Content Data app
The Content Data app summarises and displays key statistics on the performance of pages on www.gov.uk.
The app mostly relies on GA4 data and is populated via a scheduled query and table in BigQuery, detailed below.
Access
The Content Data app itself requires a Signon account to access.
The data which populates the Content data app is stored in BigQuery in the govuk-content-data project. Access to this project and dataset is currently limited to individuals that are working on the project.
Location
The table directly connected to the tool can be found in BigQuery under the data set govuk-content-data.ga4.GA4 dataform
.
This table can be found in BigQuery under the data set govuk-content-data.ga4.ga4_two_years
.
For more information on our Google Cloud Platform projects, see our GCP project documentation.
Schema
field name | type | mode |
---|---|---|
the_date | STRING | NULLABLE |
cleaned_page_location | STRING | NULLABLE |
unique_page_views | INTEGER | NULLABLE |
total_page_views | INTEGER | NULLABLE |
exits | INTEGER | NULLABLE |
entrances | INTEGER | NULLABLE |
total_searches | INTEGER | NULLABLE |
unique_search_sessions | INTEGER | NULLABLE |
unique_searchterms | INTEGER | NULLABLE |
useful_yes | INTEGER | NULLABLE |
useful_no | INTEGER | NULLABLE |
session_starts | INTEGER | NULLABLE |
session_engaged | INTEGER | NULLABLE |
Code for pulling in GA4 data
Presently, the table which populates the Content Data app is generated via a scheduled query.

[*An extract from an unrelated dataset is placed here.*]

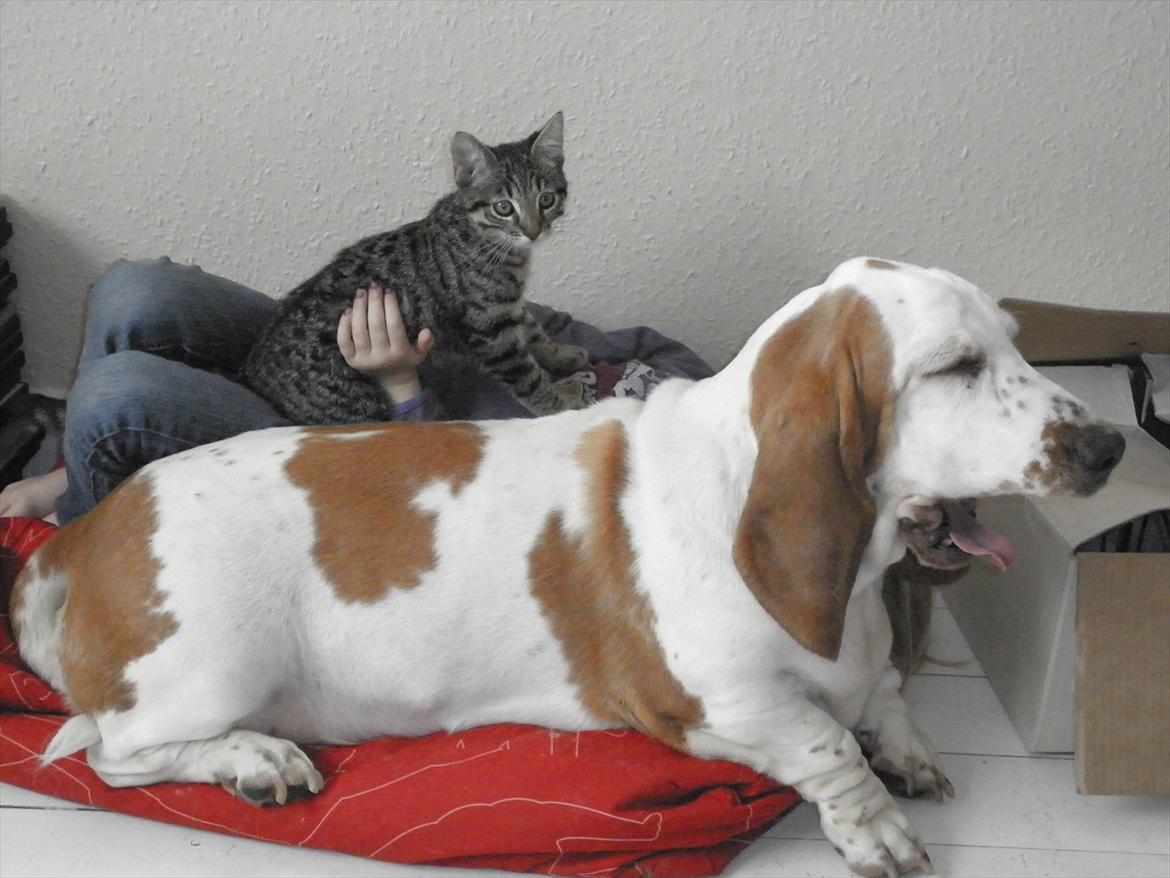 Huskat Dobbi billede 5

The code for this query can be found below.
WITH
CTE1 AS (
SELECT
user_pseudo_id,
(
SELECT
value.string_value
FROM
UNNEST(event_params)
WHERE
KEY = 'search_term') AS search_term,
SPLIT(SPLIT(REGEXP_REPLACE((
SELECT
value.string_value
FROM
UNNEST(event_params)
WHERE
KEY = 'page_location'), 'https://www.gov.uk', ''),'?')[SAFE_OFFSET(0)],'#')[SAFE_OFFSET(0)] AS cleaned_page_location,
(
SELECT
value.string_value
FROM
UNNEST(event_params)
WHERE
KEY = 'ui_text') AS ui_text,
CONCAT(user_pseudo_id, (
SELECT
value.int_value
FROM
UNNEST(event_params)
WHERE
KEY = 'ga_session_id')) AS unique_session_id,
(
SELECT
value.int_value
FROM
UNNEST(event_params)
WHERE
KEY = 'entrances') AS entrances,
event_name,
event_timestamp,
FORMAT_DATE('%Y-%m-%d', PARSE_DATE('%Y%m%d', event_date)) AS the_date,
IFNULL((CAST((
SELECT
value.int_value
FROM
UNNEST(event_params)
WHERE
KEY = "session_engaged") AS STRING)),(
SELECT
value.string_value
FROM
UNNEST(event_params)
WHERE
KEY = "session_engaged")) AS session_engaged,
IF
(LEAD(event_name) OVER (PARTITION BY CONCAT(user_pseudo_id, (SELECT value.int_value FROM UNNEST(event_params)
WHERE
KEY = 'ga_session_id'))
ORDER BY
event_timestamp) IS NULL, 1, NULL) AS isExit,
FROM
`ga4-analytics-352613.analytics_330577055.events_*`
WHERE
_table_suffix = FORMAT_DATE('%Y%m%d', DATE_SUB(CURRENT_DATE(), INTERVAL 1 DAY)) ),
CTE2 AS (
SELECT
the_date,
cleaned_page_location,
COUNT(DISTINCT
CASE
WHEN event_name = 'page_view' THEN unique_session_ID
END
) AS unique_page_views,
COUNT(CASE
WHEN event_name = 'page_view' THEN unique_session_ID
END
) AS total_page_views,
COUNT(DISTINCT
CASE
WHEN isexit = 1 THEN unique_session_ID
END
) AS exits,
COUNT(DISTINCT
CASE
WHEN entrances = 1 THEN unique_session_ID
END
) AS entrances,
COUNT(CASE
WHEN event_name = 'search' THEN search_term
END
) AS total_searches,
COUNT(DISTINCT
CASE
WHEN event_name = 'search' THEN unique_session_id
END
) AS unique_search_sessions,
COUNT(DISTINCT
CASE
WHEN event_name = 'search' THEN search_term
END
) AS unique_searchterms,
COUNT(CASE
WHEN event_name = 'form_submit' AND ui_text = 'Yes' THEN unique_session_id
END
) AS useful_yes,
COUNT(CASE
WHEN event_name = 'form_submit' AND ui_text = 'No' THEN unique_session_id
END
) AS useful_no,
COUNT(DISTINCT
CASE
WHEN event_name = 'session_start' THEN unique_session_iD
END
) AS session_starts,
COUNT(DISTINCT
CASE
WHEN session_engaged = '1' THEN unique_session_id
END
) AS session_engaged
FROM
CTE1
GROUP BY
cleaned_page_location,
the_date )
SELECT
*
FROM
CTE2